=== Recorded information ===

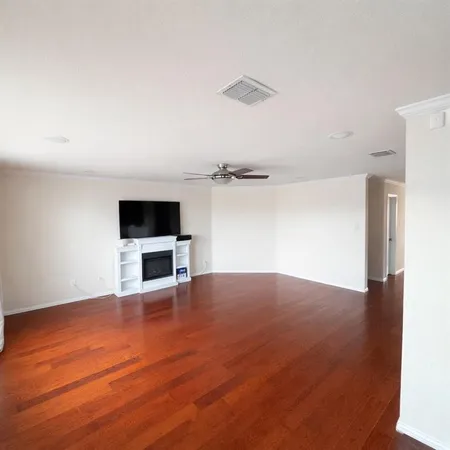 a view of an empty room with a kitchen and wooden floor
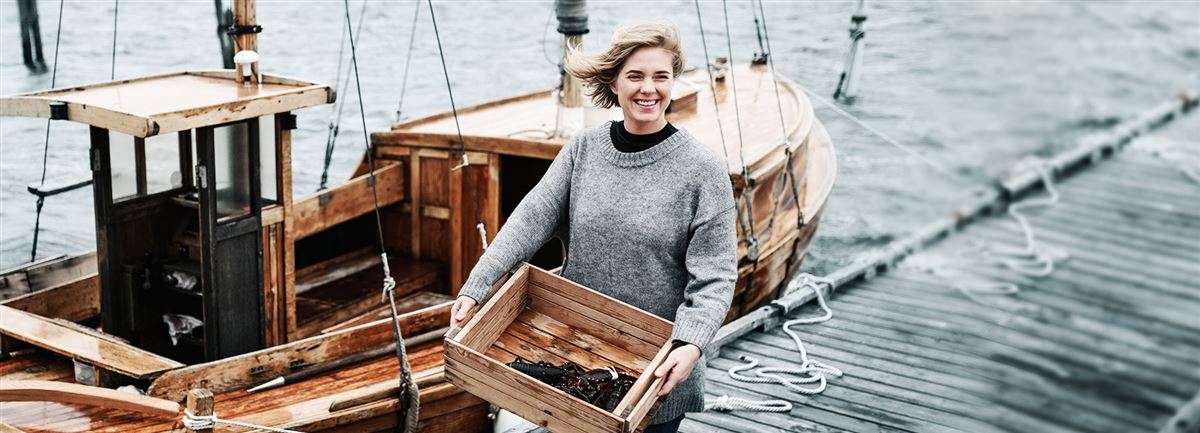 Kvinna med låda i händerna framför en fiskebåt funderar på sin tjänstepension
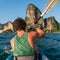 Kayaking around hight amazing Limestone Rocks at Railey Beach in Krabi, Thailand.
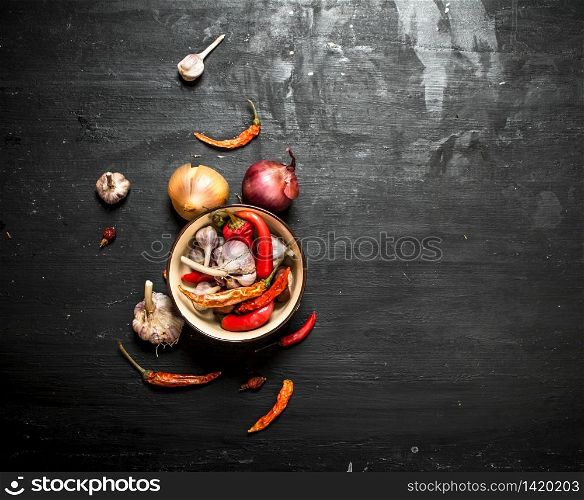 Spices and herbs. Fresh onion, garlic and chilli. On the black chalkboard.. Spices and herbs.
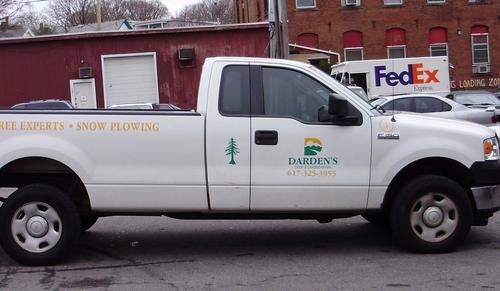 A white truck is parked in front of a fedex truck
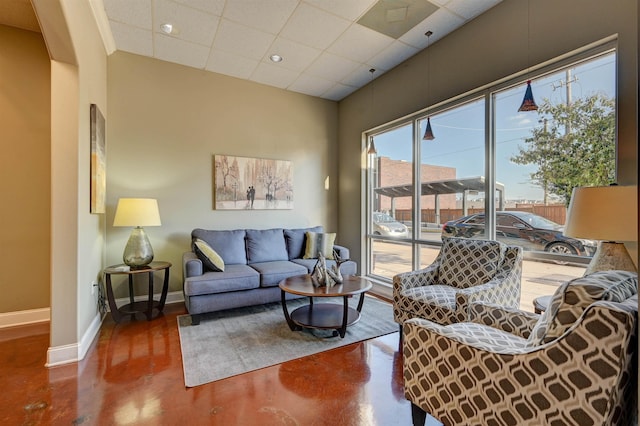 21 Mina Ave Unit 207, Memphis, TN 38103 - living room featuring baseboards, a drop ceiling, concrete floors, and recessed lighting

===
=== Recorded information ===

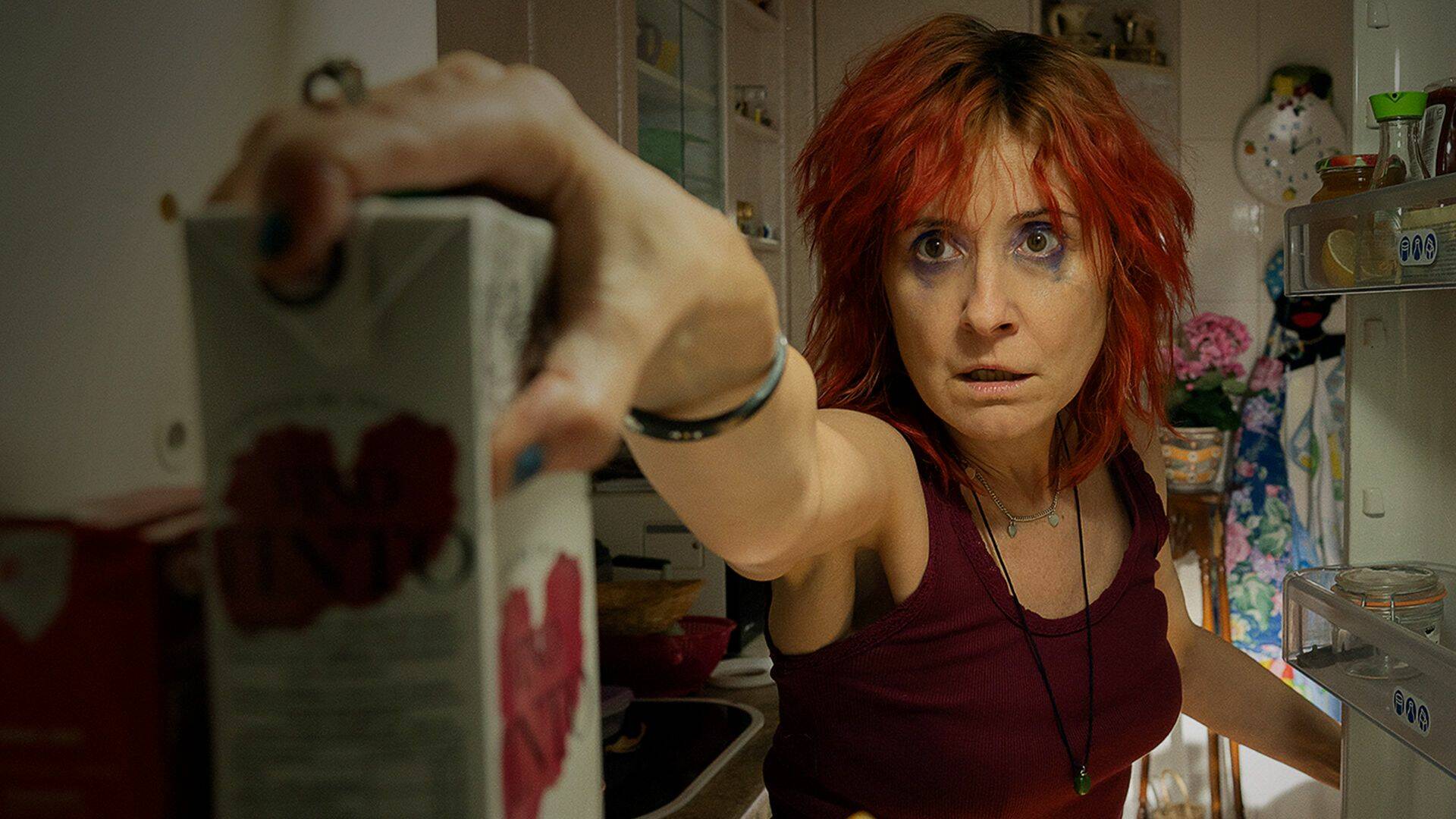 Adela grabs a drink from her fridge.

===

Return exactly the part of the listing above that opens with the line containing "a view of an" and closes with the line containing "21 Mina Ave". Pictures stay out.

 a view of an empty room with a kitchen and wooden floor
 Kvinna med låda i händerna framför en fiskebåt funderar på sin tjänstepension
 Kayaking around hight amazing Limestone Rocks at Railey Beach in Krabi, Thailand.
 Spices and herbs. Fresh onion, garlic and chilli. On the black chalkboard.. Spices and herbs.
 A white truck is parked in front of a fedex truck
 21 Mina Ave Unit 207, Memphis, TN 38103 - living room featuring baseboards, a drop ceiling, concrete floors, and recessed lighting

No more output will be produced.